В ответ на это я рассказал о письме некоего молодого военного, которому я, так же как и другие его друзья, посоветовал поступить на иностранную службу и который теперь, поскольку тамошние обычаи пришлись ему не по нраву, поносит всех своих советчиков.

— Страшная штука эти советы, — произнес Гете, — а уж если ты собственными глазами убедился, как часто разумнейшие начинания терпят крах, а нелепейшие приводят к счастливой развязке, у тебя навек отпадет желание давать советы. Да ведь, по правде говоря, тот, кто просит совета, — глуп, а тот, кто его дает, — самонадеян. Советовать можно лишь в деле, в котором ты сам собираешься участвовать. Ежели кто-нибудь у меня просит доброго совета, я отвечаю, что готов дать его с условием, что он ему не последует.

Разговор перешел на Новый завет, и я сказал, что недавно перечитывал то место, где Христос идет по морю, а Петр ему навстречу.

— Если долго не читать евангелистов, — добавил я, — не можешь надивиться их нравственному величию. А в высоких требованиях, которые они предъявляют к нашей нравственной силе воли, слышится своего рода категорический императив.

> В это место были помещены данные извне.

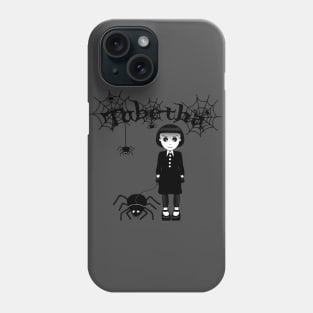 Tabetha, Walkies! Phone Case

— В первую очередь, — вставил Гете, — это категорический императив веры; Магомет со временем еще дальше пошел по этому пути.

— Вообще же, — сказал я, — Евангелия, когда в них вчитаешься повнимательнее, полны отклонений и противоречий, бог весть какие превратности судьбы испытали эти книги, прежде чем они были собраны воедино и приведены в тот вид, в каком они нам известны.

— Поставить себе задачей историке-критическое исследование этого вопроса — все равно, что вознамериться выпить море, — сказал Гете. — Куда разумнее без долгих размышлений принять все как есть и усвоить из этого то, что содействует нашей нравственной культуре и укрепляет ее. Вообще-то, конечно, хочется представить себе еще и местность, и тут самое лучшее, что я могу порекомендовать вам, это прекрасный труд Рера о Палестине. Покойный великий герцог так дорожил этой книгой, что купил ее дважды. Первый экземпляр он, по прочтении, подарил библиотеке, а другой оставил себе, чтобы всегда иметь его под рукой.

Я подивился интересу великого герцога к такого рода книге.

— В этом смысле, — сказал Гете, — он был человеком необыкновенным. В любой области все сколько-нибудь значительное возбуждало его интерес. Он неустанно стремился вперед и все новые изобретения и устройства старался внедрить в своем герцогстве.

Если же что-то не удавалось, он больше об этом не говорил. Я частенько ломал себе голову, как оправдать в его глазах ту или иную неудачу, но он принимал ее с беззаботной веселостью и уже опять помышлял о чем-то новом. Таково уж было величие его натуры, к тому же не привитое воспитанием, а врожденное.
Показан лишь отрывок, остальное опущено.